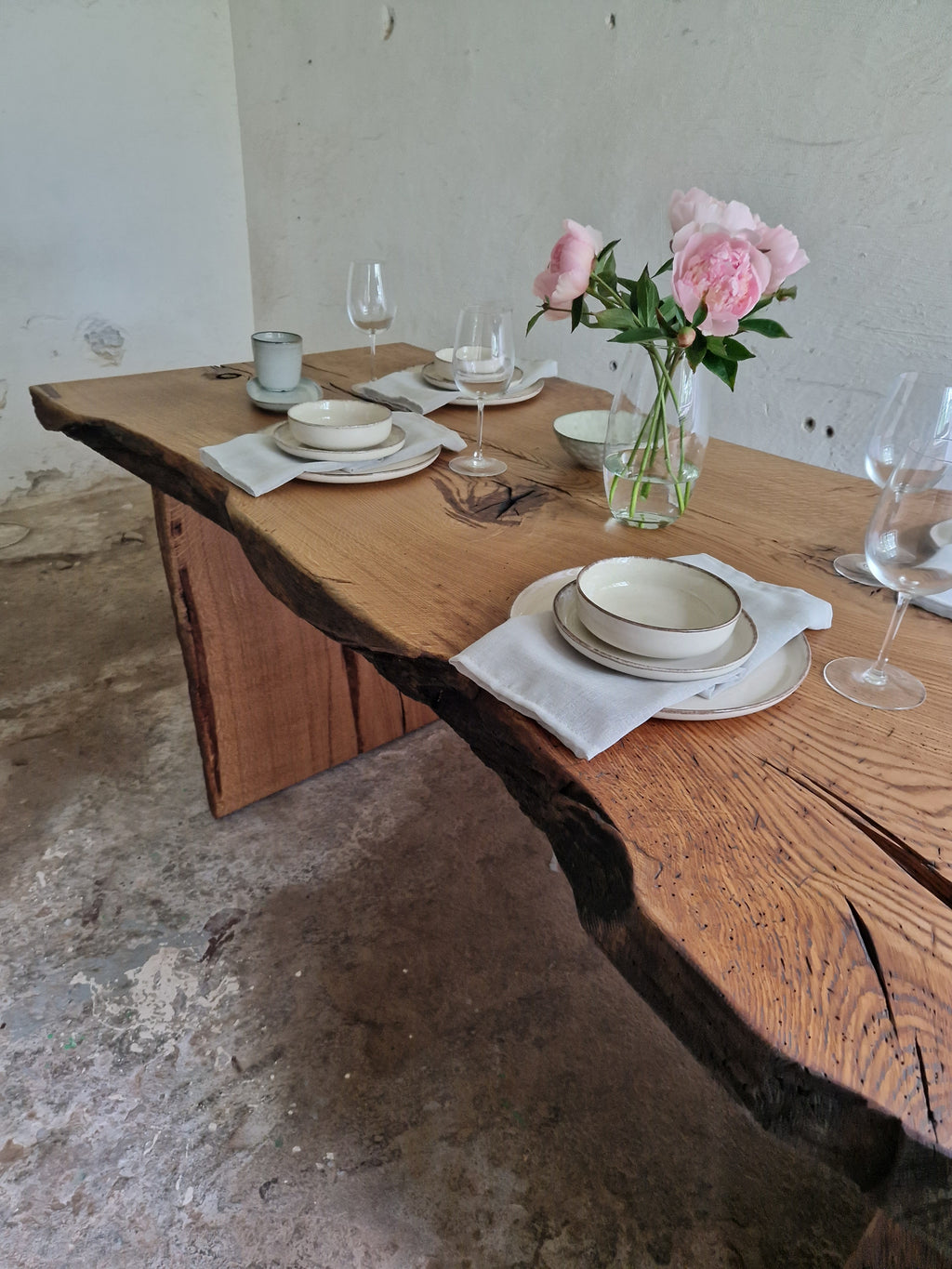 Wabi Sabi Organic Dining Table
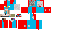 red and blue wolf Mob 6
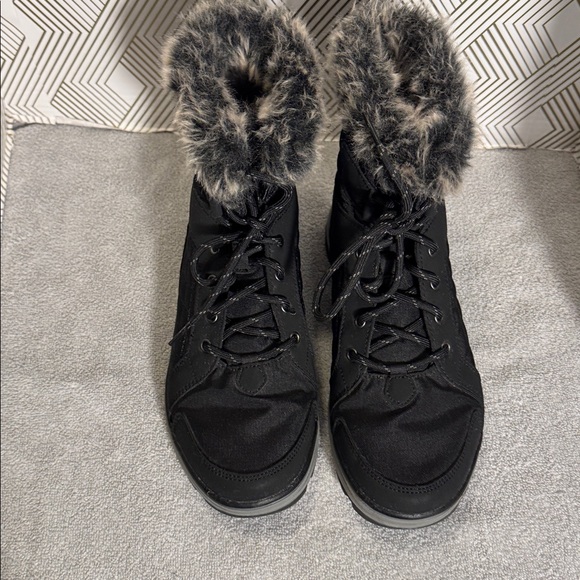 Ryka Brisk boots women’s size 8.5 Black Fur-Lined Winter snow Boots - Picture 3 of 11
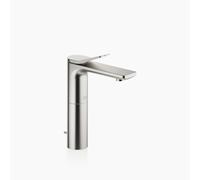 Dornbracht LISSÉ Mitigeur monocommandé pour lavabo avec pied surélevé, avec garniture d'écoulement, saillie 130mm, 33506845-06, Couleur: Platine Mat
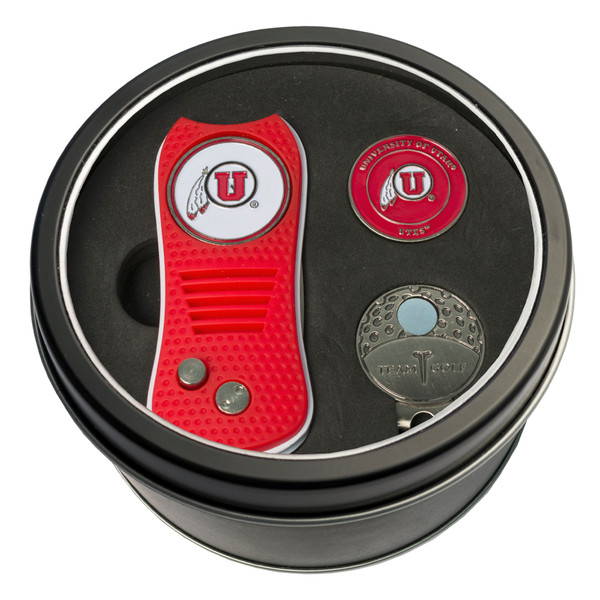 Utah Utes Tin Gift Set with Switchfix Divot Tool, Cap Clip, and Ball Marker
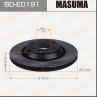 Диск тормозной Masuma BD-E0191 [1] rear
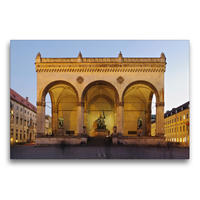 Premium Textil-Leinwand 75 x 50 cm Quer-Format Feldherrnhalle in München | Wandbild, HD-Bild auf Keilrahmen, Fertigbild auf hochwertigem Vlies, Leinwanddruck von Berthold Werner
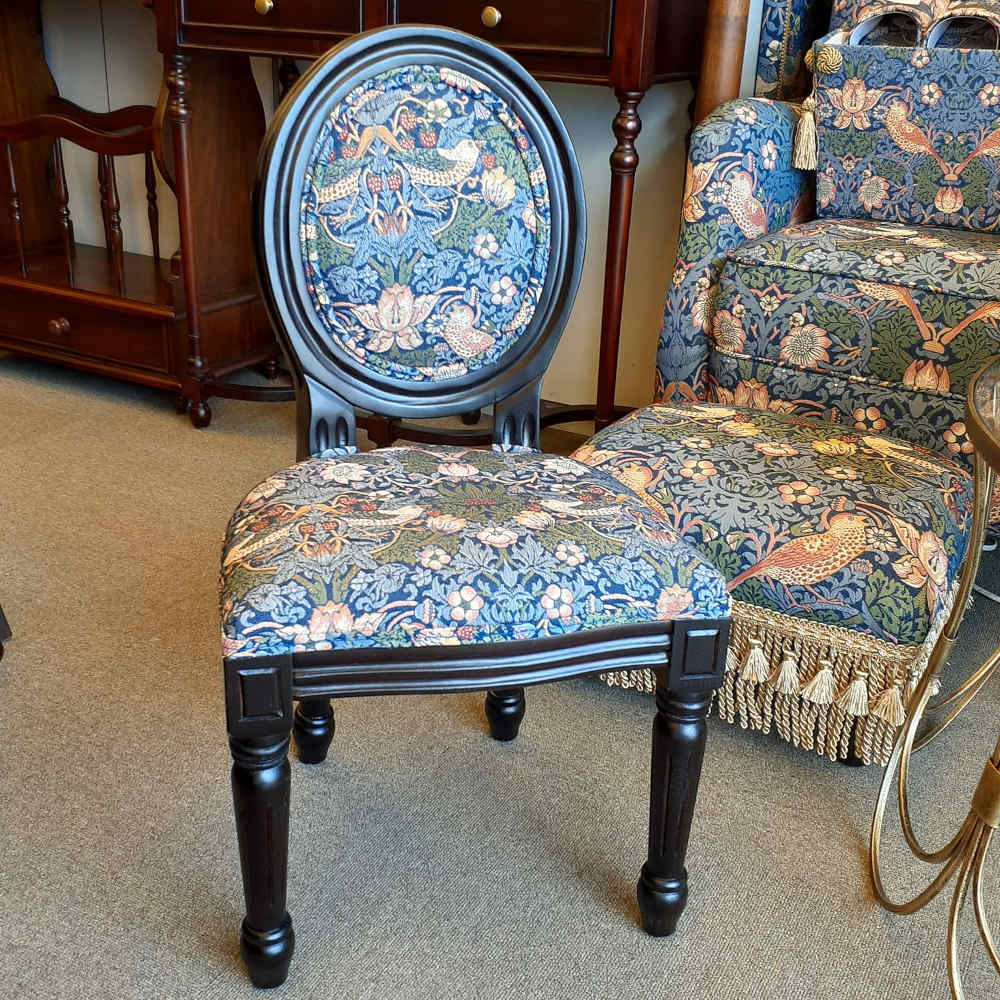 ドールチェア ウィリアムモリス ウイリアムモリス WilliamMorris アンティーク調 椅子 アンティーク風家具 いちご泥棒 StrawberryThief 17709DC-VI01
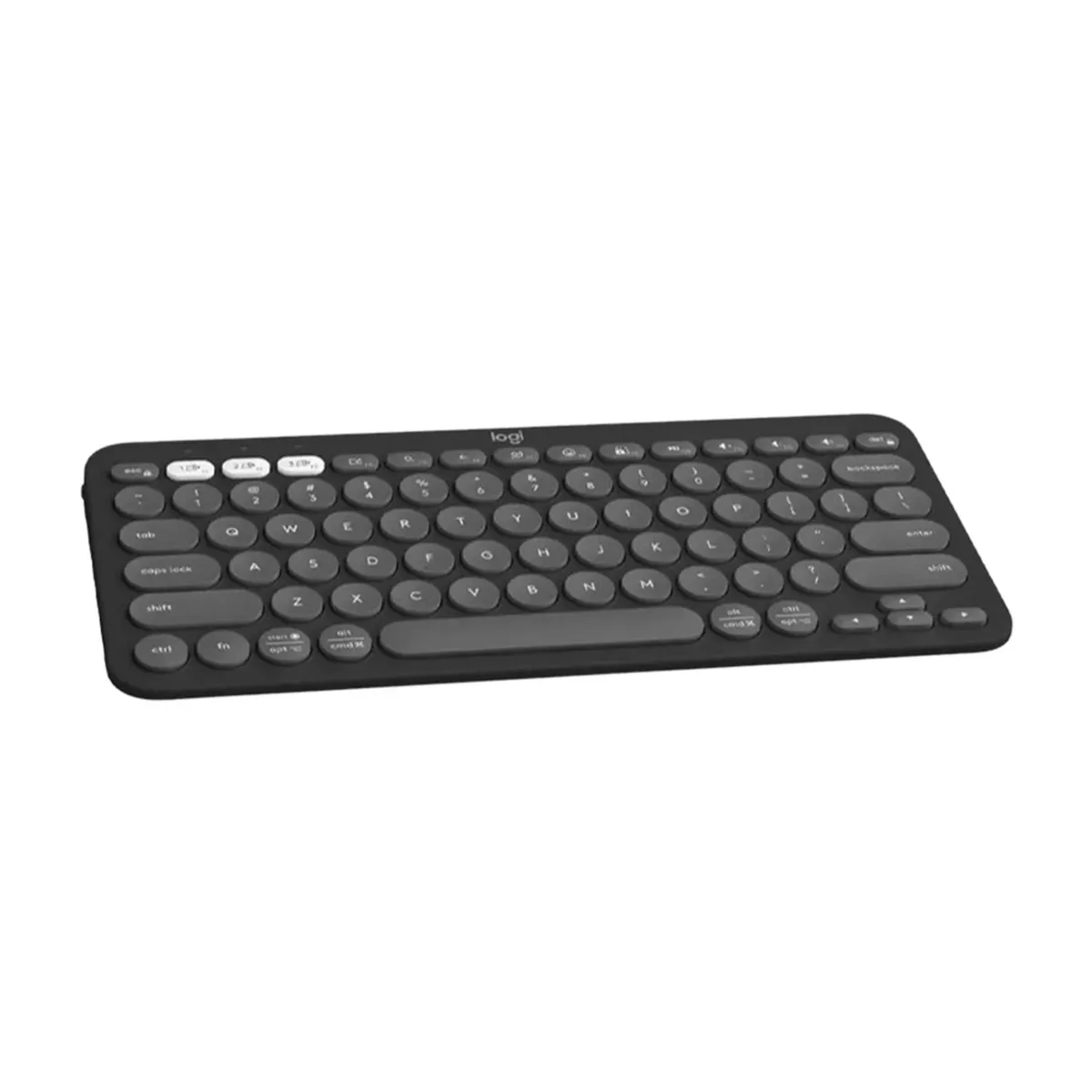 LOGITECH - Teclado Logitech Bluetooth Multidispositivo Pebble Keys 2 K380s Negro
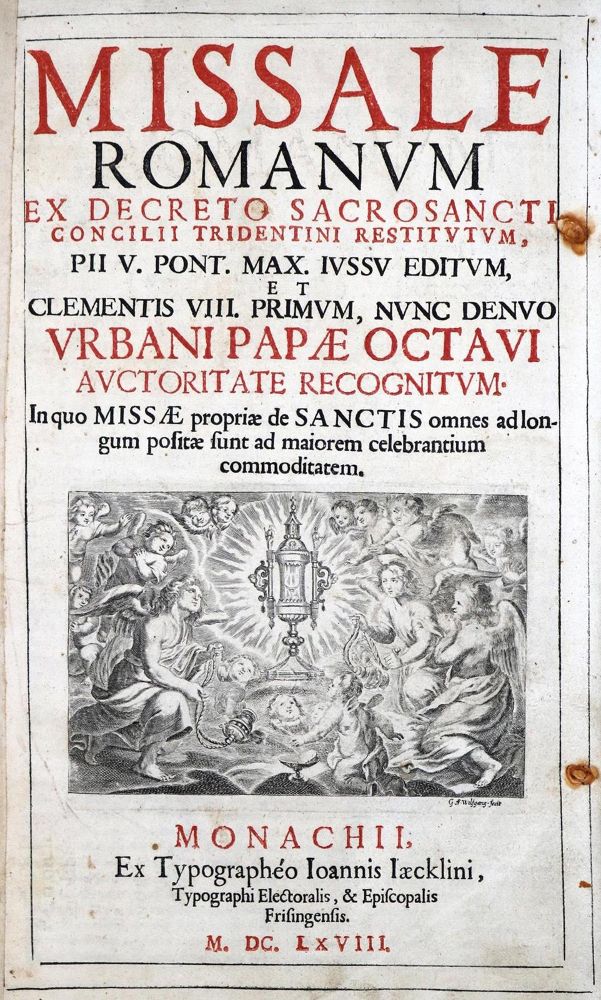 Große Abbildung Nr.1: 132-81 Missale Romanum: (Gesangbücher)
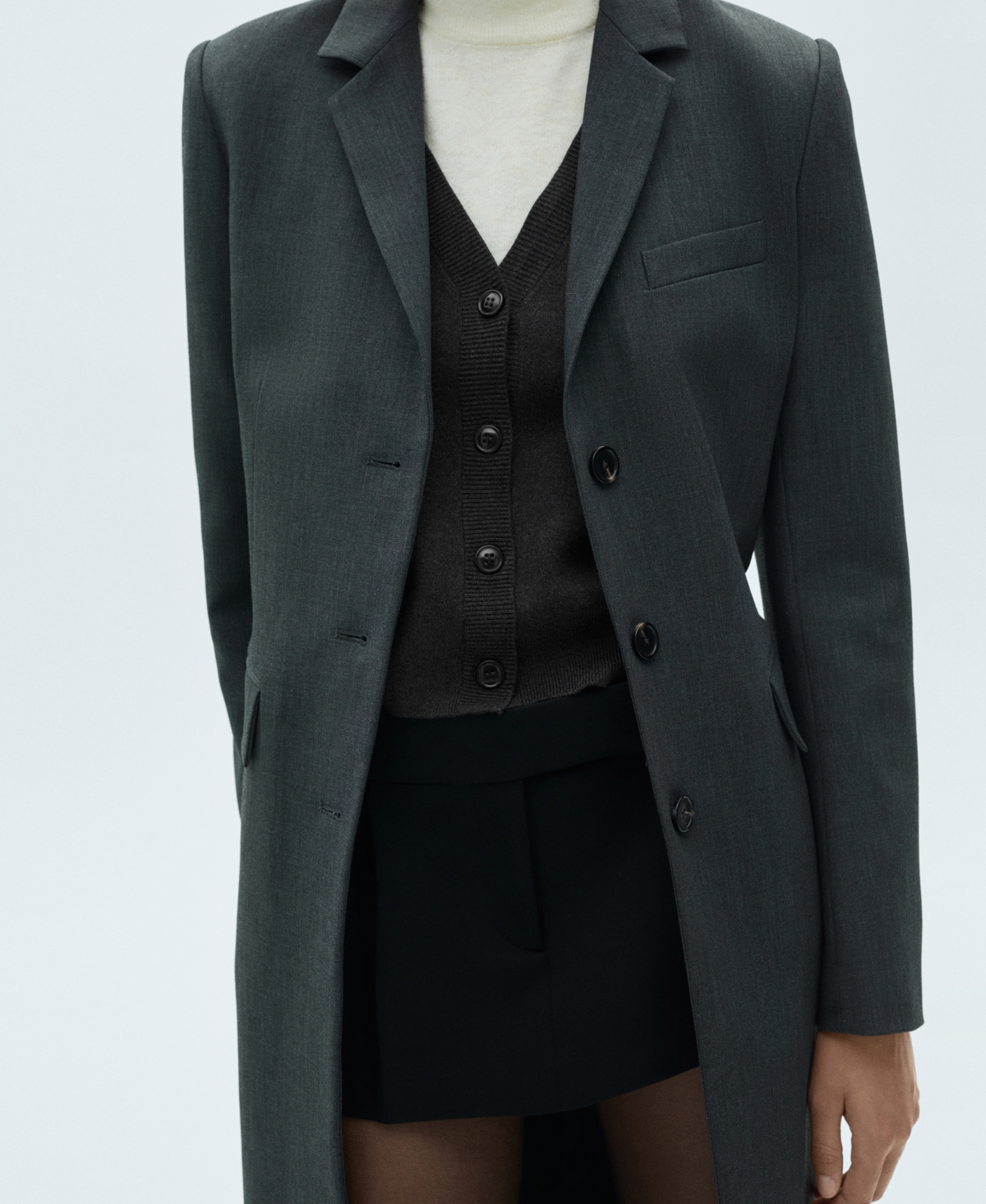 Mango Women's V-Neck Knit Cardigan
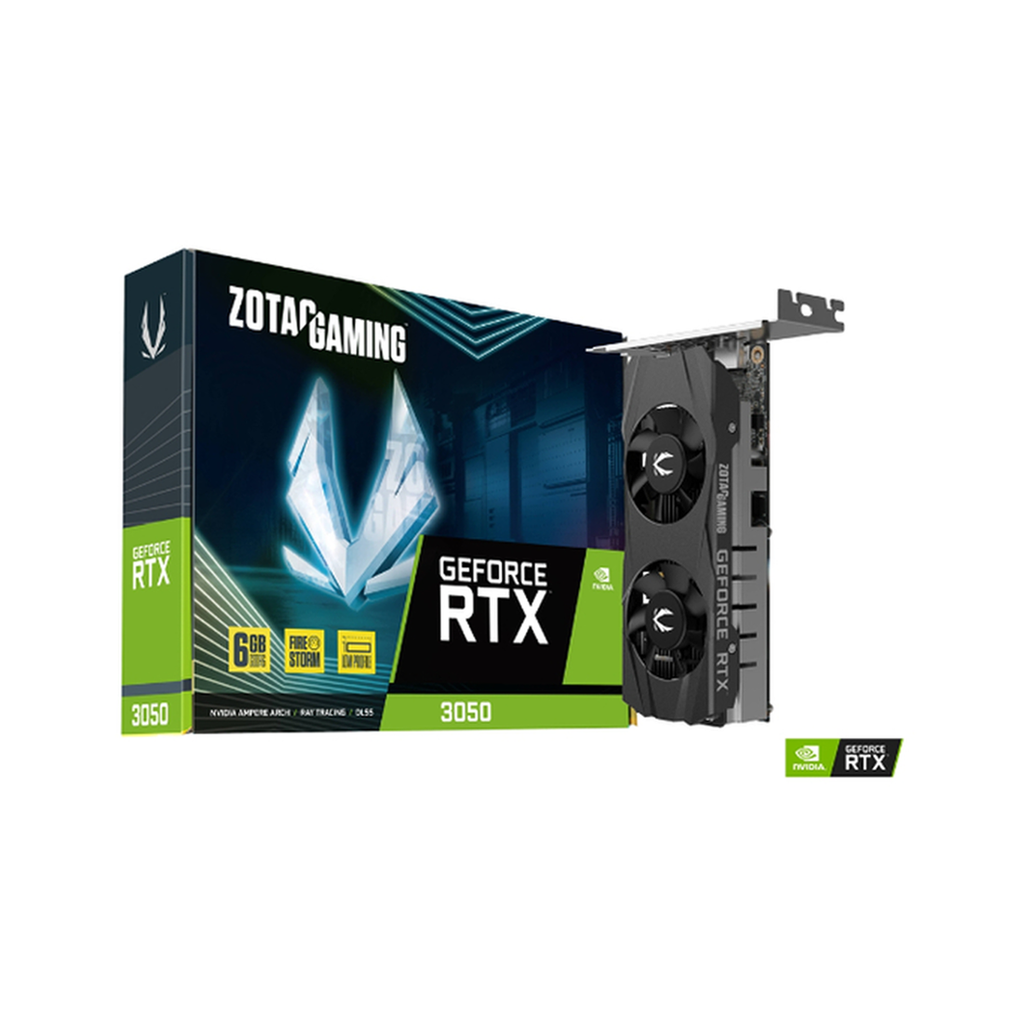 CARTE GRAPHIQUE ZOTAC GEFORCE RTX 3050 6GB GDDR6 LP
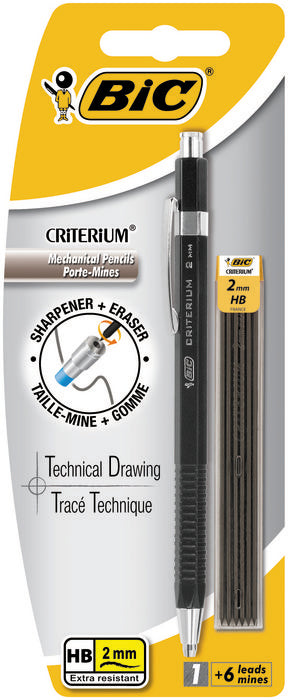 PORTAMINAS BIC CRITERIUM 2MM RF BLK BL1+LD 8755831 | 1 UNIDADES | (BIC) Imagen principal del producto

» **Exercise requirements**: In the records above, copy exactly everything from the line that has "Utah Utes Tin" down to the line that has "Premium Textil-Leinwand 75", both ends included, and leave out the pictures.

» **Solution to this exercise**:
 Utah Utes Tin Gift Set with Switchfix Divot Tool, Cap Clip, and Ball Marker
 Диск тормозной Masuma BD-E0191 [1] rear
 Premium Textil-Leinwand 75 x 50 cm Quer-Format Feldherrnhalle in München | Wandbild, HD-Bild auf Keilrahmen, Fertigbild auf hochwertigem Vlies, Leinwanddruck von Berthold Werner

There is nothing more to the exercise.